Achei que fosse em um parágrafo bem inspirado de seu livro Rumos de uma sociedade tecnológica que Abraham Moles estava falando sobre o desejo e subjetividade que impregnam produções e técnicas contemporâneas. A citação vinha de um outro livro, junto com um pensamento, possivelmente perdido na sua referência (estaria nos tristes trópicos?) da terrível época pela qual os universitários passam: decoram as coisas e tentam solidificá-las em texto antes de esquecê-las na semana que vem. Execesso de informação sempre me lembra parágrafos de Baudrillard.
Enfim, o trecho ao qual erroneamente me referia está na introdução das Tecnologias da Inteligência do Pierre Lévy. Embora afirme que sua empreitada seja oposta a proposta de Sibony [11] fico pensando nas tentativas de justificação de desejos por uma sociedade tecnológica; uma busca quase sem sentido, instintiva, de reproduzir um sistema, criar um autômato (blogs não devem ser destinados para fins acadêmicos, nem opção de notas eles têm). Ainda é, de certa perspectiva, incompreensível porque uma sociedade como a japonesa seja tão icônica na execução de sistemas robóticos.
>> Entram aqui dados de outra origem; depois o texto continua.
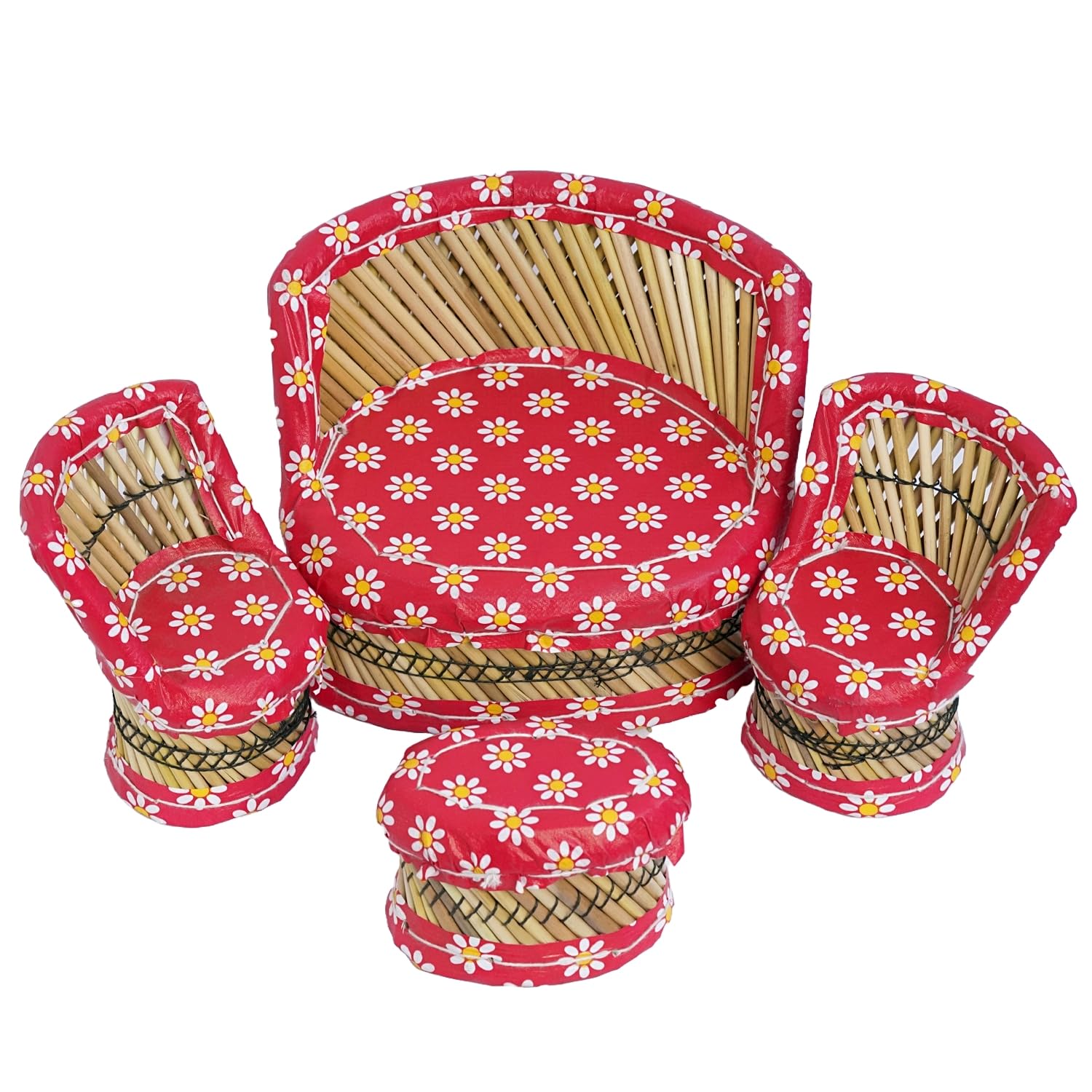 DIGSMORDEN 4 Pcs Baby Mudda Set with Sofa, 2 Chair & Table | Small Mudha Showpiece Set for Home Decor/Gifts idea Made by Bamboo Sticks-11cm, Red Color-image-14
Eu compartilho também desta necessidade e não sei por qual razão. Narcisismo ou instinto inconsciente de reproduzir-se. A idéia das memes. As conversas e as festas de aniversário. Um piano visto como um instrumento amplo de moral e cultura.
Este trabalho, em sua versão inicial, foi publicado no Premio Sérgio Motta de Arte e tecnologia de 2006. Está um sua versão 1.0 e talvez nunca passe disso. O desejo já foi apontado e a obra, mesmo em seu fragmento, está como que completa. O resto é virtuosismo.
A obra pode ser acessada aqui.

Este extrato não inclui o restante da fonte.